In summary, I am a massive advocate and participant in the Open Source movement (especially in Academia, which is where its true home is), but we have had a major flaw over the years: which is, that we have not ran the final mile of the marathon! We produce the code and getting it working once (throwing it into a code repository), but we don’t then put it into a Virtual Machine that will guarantee that *anyone* can come along and launch the thing without having to be a developer (this is the problem that is the ‘Open Source Code Repository’).
Furthermore, we must make sure to remove the hurdle of having the need for a credit card to launch the software on the Cloud, e.g. Amazon, et al. By making sure government funds OpenStack instances for Academia we get the guarantee of software sustainability Beyond Life Of Project (BLOP!). And better yet we get the guarantee that it will be free for the individual (poor) Academic to have a go (notice, I’m just saying ‘have a go’, as I completely support the idea that if the software needs to be used by thousands then it should be moved over to the likes of Amazon because they can scale better than an Academic Cloud can, right now). Which of course, now that we have solved the Open Source “EASILY REUSABLE” problem we need to look forward to the next big challenge – A Global Academic Cloud (“Mind the GAC”) <– you heard it here first 😉
Well done Steve, you rock (as usual). Congratulation on being the first FREE REUSABLE OPEN SOURCE software system in the Cloud (Worldwide from the looks of it <– that is pretty damn cool)!!! It is an achievement I’ve been waiting for almost five years now since we did the #Fedorazon project. Great work.
Also, the unsung technical support heroes who worked with @spetnatz late into the night to make it happen: Clint, Sean and Steve M. <– You guys rock and it is a privelage to see watch what you are trying to achieve. Not least, thanks to Glen being bold and shielding us hackers from the political hurdles that could quickly stop all this bottom-up innovaiton occurring.
Also a quick disclaimer: be patient with OpenStack right now, it is one of the biggest open source projects in the world and so there are lots of bear traps waiting to clamp onto your brain and drag you down.
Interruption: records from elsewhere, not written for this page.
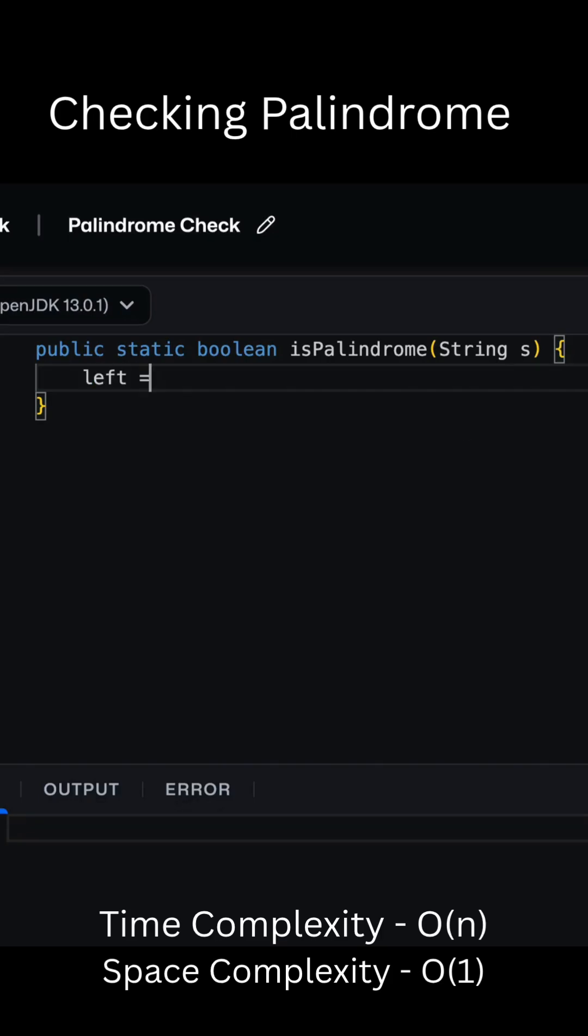Let's quickly check if a word is a palindrome, a word that reads the same forward and backward, using the two-pointer method.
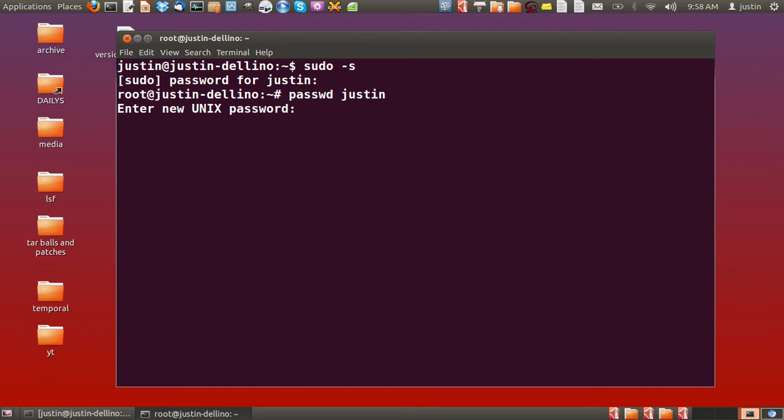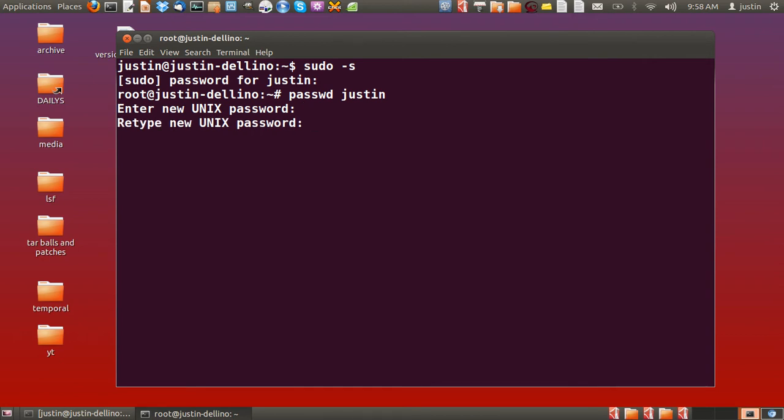It will tell you to enter new Unix password, so I'll just do that now. There we go. Password updated successfully.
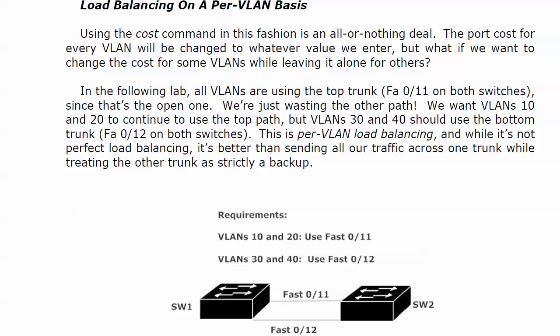So what we want to do is configure the switch so that VLANs 10 and 20 will continue to use the top path, the path through Fast 11 on each switch. But VLANs 30 and 40 are going to use the bottom trunk, Fast Ethernet 12 on both switches. And this is per-VLAN load balancing. It's not perfect load balancing because we can't make the assumption that each VLAN is going to be using 25% of the bandwidth. But you do your network analysis, see which ones you need to move to another path, and this is how you're going to do it.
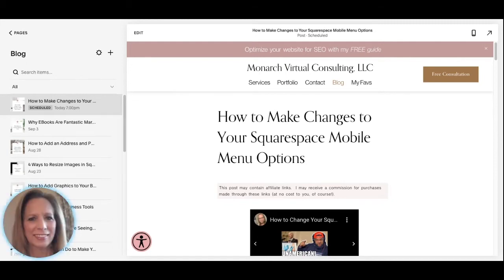Hey everyone, Donna Vinson here with Monarch Virtual Consulting. In today's tutorial I'm going to show you how you can make changes to your mobile menu options without using any code.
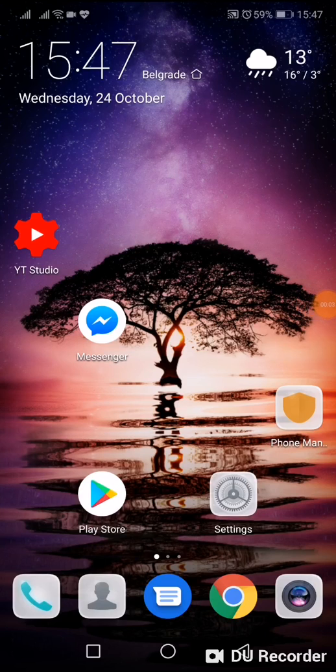Hello, today I will show you how to solve the problem if you don't receive a notification on lock screen. What you have to do?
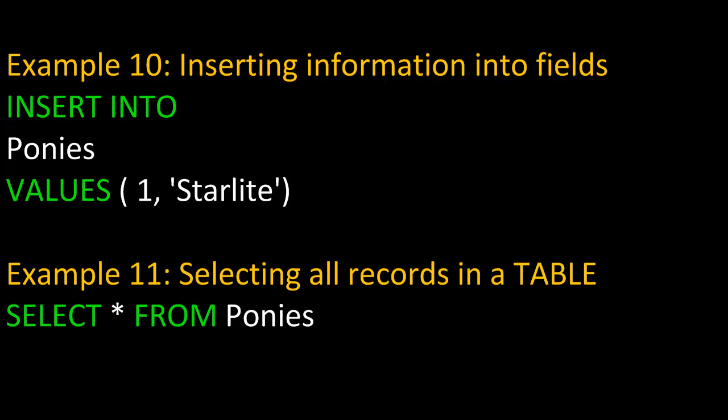In example eleven, we're simply selecting all the records from a table. We'll SELECT the asterisk, which is the wildcard, FROM, and then the table name, which is Ponies.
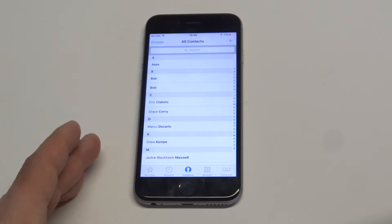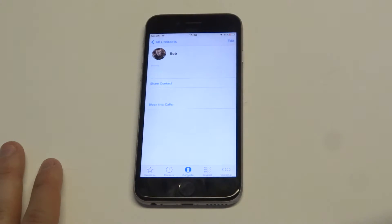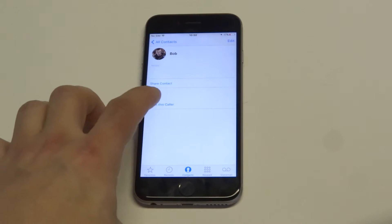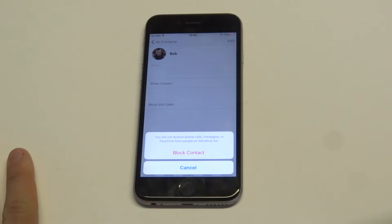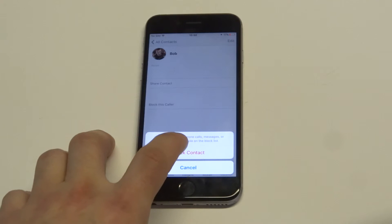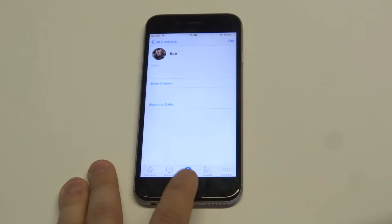Find the contact. As soon as you click on a contact that you've saved, there's going to be a 'Block This Caller' option. All you got to do is click on it. Then you'll get a prompt that'll say you will not receive phone calls, messages, FaceTime from anybody on the block list. Click 'Block Contact' and then it'll block the caller from trying to get a hold of you.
Ask for help, as we need to do this together in Academia, we are ALL responsible for making the Cloud work (this isn’t just NeCTAR’s job), it is something we all want as developers, so lets make it happen and roll with the punches.
If you want to get trained up on how to use OpenStack check out Developer Dojos we are putting on #nadojo
= By saying “most” projects meet the user need, I’m being a little bit ‘tongue in cheek’, there is still a very real problem around how projects build in usability testing methods to assure that is does actually meet their user needs.
= I’ve personally looked over 200+ Academic project code repositories over the past five years and I can say that (roughly) only >20% of them have I got working by personally compiling the code. In contacting the developer (if they are still around) I can slightly jump that number to 30-40%. Otherwise, the biggest hurdle for re-use is quite simply just getting the code to compile and spin-up.